Posted on September 30th, 2007 at 1:24 pm by SnoopyTheGoon.

Filed under: Religion, Terrorism

Snoopy wrote thisWhen you, my poor to moderately well-to-do reader, visit your travel agency to scrounge for a lowest price ticket to Spanish Riviera (if you are a Brit), to Cancun (if you are a US citizen) or to Cyprus (for Israelis), you are probably perusing wistfully the somewhat garishly colored booklets of more expensive resorts, like the ones on the Maldives. Tantalizing indeed.

However, the recent bombing changed the idyllic picture drastically. In many other places on our planet a humble bombing or two wouldn’t create too much noise. It is different in Maldives, this tourist paradise. From Al Jazeera:

The Maldives, with a population of about 350,000, is by far the wealthiest, and most orderly, country in south Asia. About 600,000 tourists visit the country each year, accounting for one-third of its economy.

So what is troubling this singularly blessed corner of the world, you might ask? Unbelievably, the answer comes from the same Al Jazeera article:

Half the population is under 18, reasonably well-educated and with few prospects for good jobs.

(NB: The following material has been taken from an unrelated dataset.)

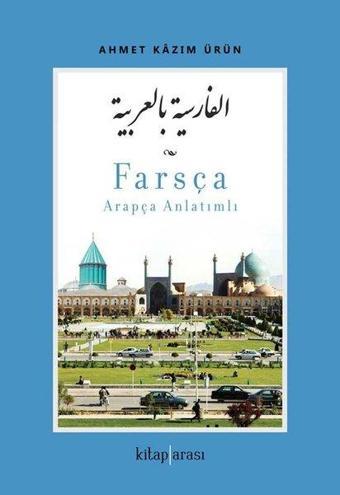 Farsça - Arapça Anlatımlı - Ahmet Kazım Ürün - Kitap Arası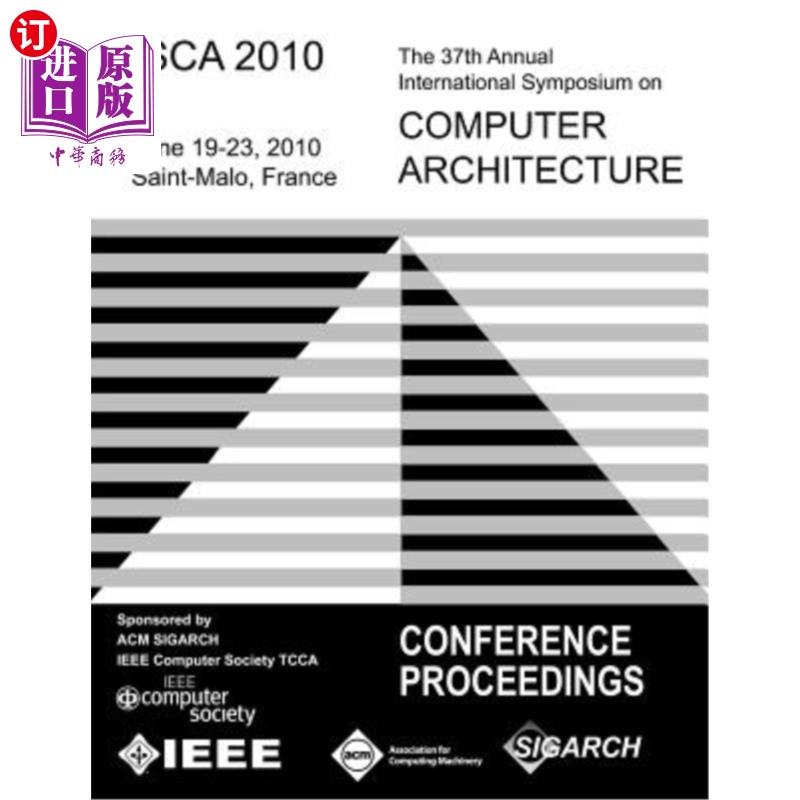 海外直订ISCA 2010 The 37th Annual Intl Symposium on Computer Architecture ISCA 2010第37届国际计算机体系结构年会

Some young people have turned to drug use, while others have embraced a conservative strain of Islam that had been virtually unheard of on the islands just a few years ago.

Since the drug addicts rarely, if at all, resort to bombing, being otherwise engaged, we should obviously take a look at the “others” - those who caught that elusive virus called in journalistic lingo “conservative strain of Islam”. It is hardly a coincidence that this malady precedes the first attempt at bombing, addressed at tourists, of all possible targets.

“The Maldives has never had something like this before. We are taking this very seriously because tourism is our life blood,” Shareef said.

Somebody obviously wants to hurt the Maldives’ economy. Destitute people are a much better fodder for extremists of all kinds than well-to-do ones. And the Maldives’ life blood is in danger of being drained, quite quickly if the bombings become a habit.

Just to satisfy my curiosity: does this virulent conservative strain of Islam come with genetically built in know-how on bomb building? It seems so, since according to this, the bomb was quite sophisticated, including a cell-phone operated primer.

This case could bear watching…

Cross-posted on SimplyJews.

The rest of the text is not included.